## WHAT THE EXERCISE ASKS
Could you output the listing that follows exactly, without its images?

[[ DATA IN THIS EXERCISE, beginning ]]

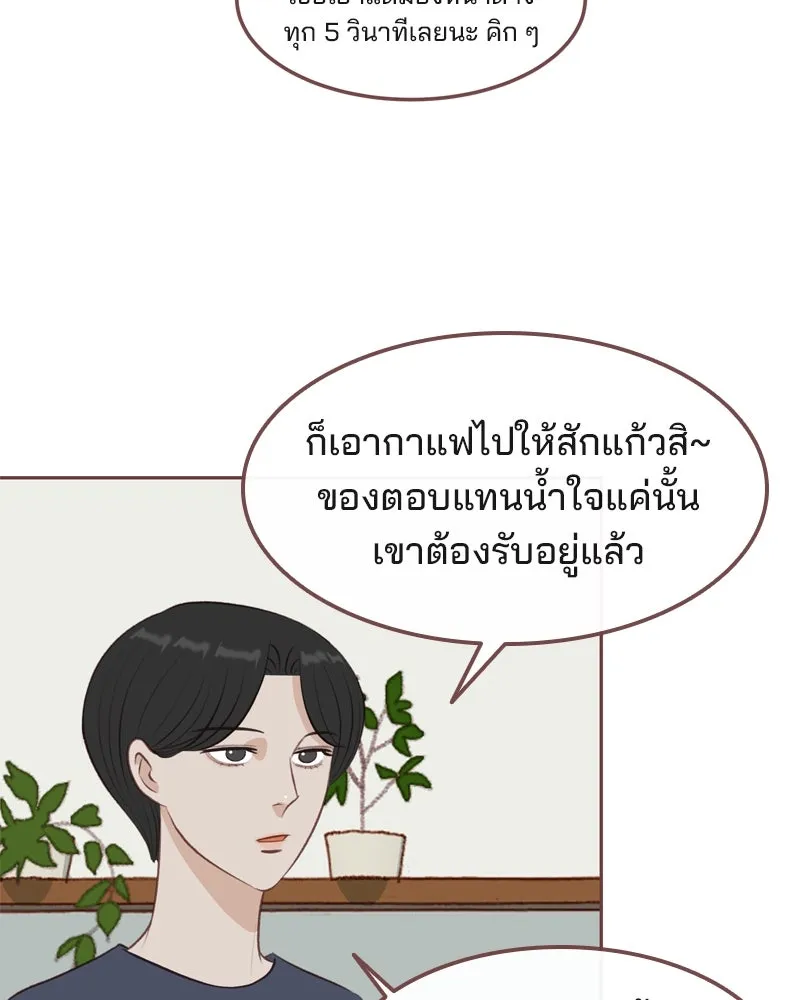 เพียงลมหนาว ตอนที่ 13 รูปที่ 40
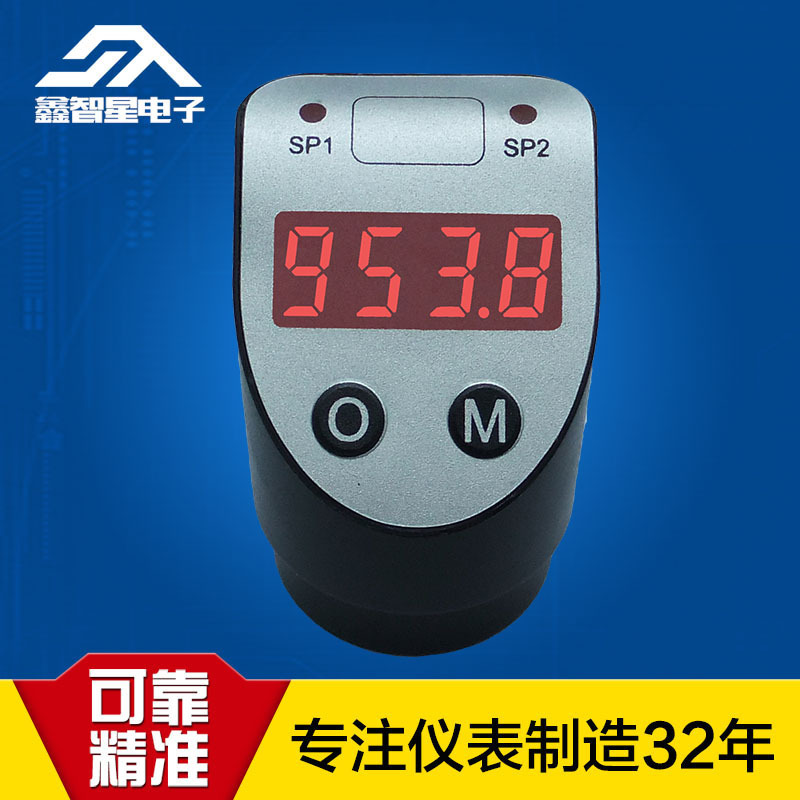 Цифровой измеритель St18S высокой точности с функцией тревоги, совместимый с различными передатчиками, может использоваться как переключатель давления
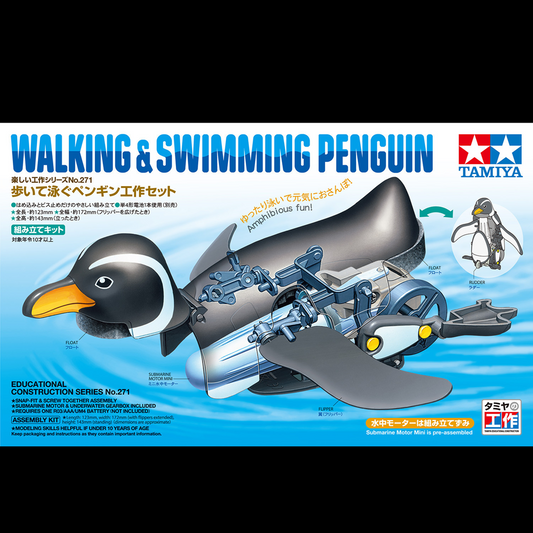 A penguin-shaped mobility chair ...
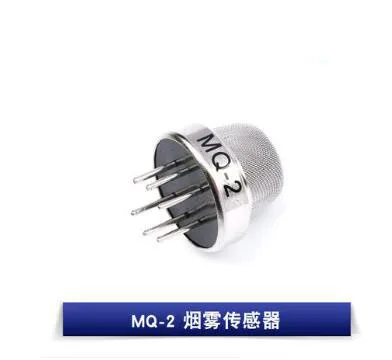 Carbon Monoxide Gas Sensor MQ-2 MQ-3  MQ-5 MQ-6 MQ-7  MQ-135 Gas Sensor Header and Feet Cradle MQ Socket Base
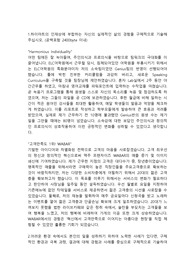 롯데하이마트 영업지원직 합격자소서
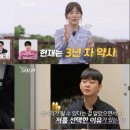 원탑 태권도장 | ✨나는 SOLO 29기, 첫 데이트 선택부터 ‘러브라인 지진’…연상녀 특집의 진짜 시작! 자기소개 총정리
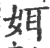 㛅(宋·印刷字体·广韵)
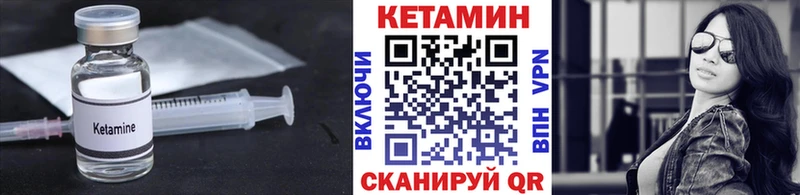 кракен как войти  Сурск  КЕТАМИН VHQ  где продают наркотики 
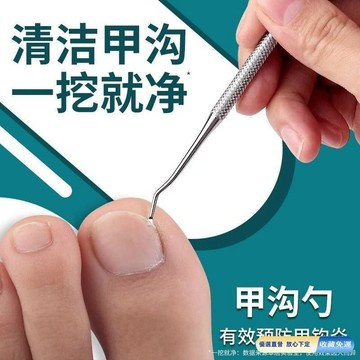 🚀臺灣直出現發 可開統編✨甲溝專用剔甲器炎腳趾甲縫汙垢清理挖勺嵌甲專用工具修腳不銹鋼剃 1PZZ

[[ DATA IN THIS EXERCISE, end ]]

## EXERCISE RESPONSE
 เพียงลมหนาว ตอนที่ 13 รูปที่ 40
 Цифровой измеритель St18S высокой точности с функцией тревоги, совместимый с различными передатчиками, может использоваться как переключатель давления
 A penguin-shaped mobility chair ...
 Carbon Monoxide Gas Sensor MQ-2 MQ-3  MQ-5 MQ-6 MQ-7  MQ-135 Gas Sensor Header and Feet Cradle MQ Socket Base
 롯데하이마트 영업지원직 합격자소서
 원탑 태권도장 | ✨나는 SOLO 29기, 첫 데이트 선택부터 ‘러브라인 지진’…연상녀 특집의 진짜 시작! 자기소개 총정리
 㛅(宋·印刷字体·广韵)
 кракен как войти  Сурск  КЕТАМИН VHQ  где продают наркотики 
 🚀臺灣直出現發 可開統編✨甲溝專用剔甲器炎腳趾甲縫汙垢清理挖勺嵌甲專用工具修腳不銹鋼剃 1PZZ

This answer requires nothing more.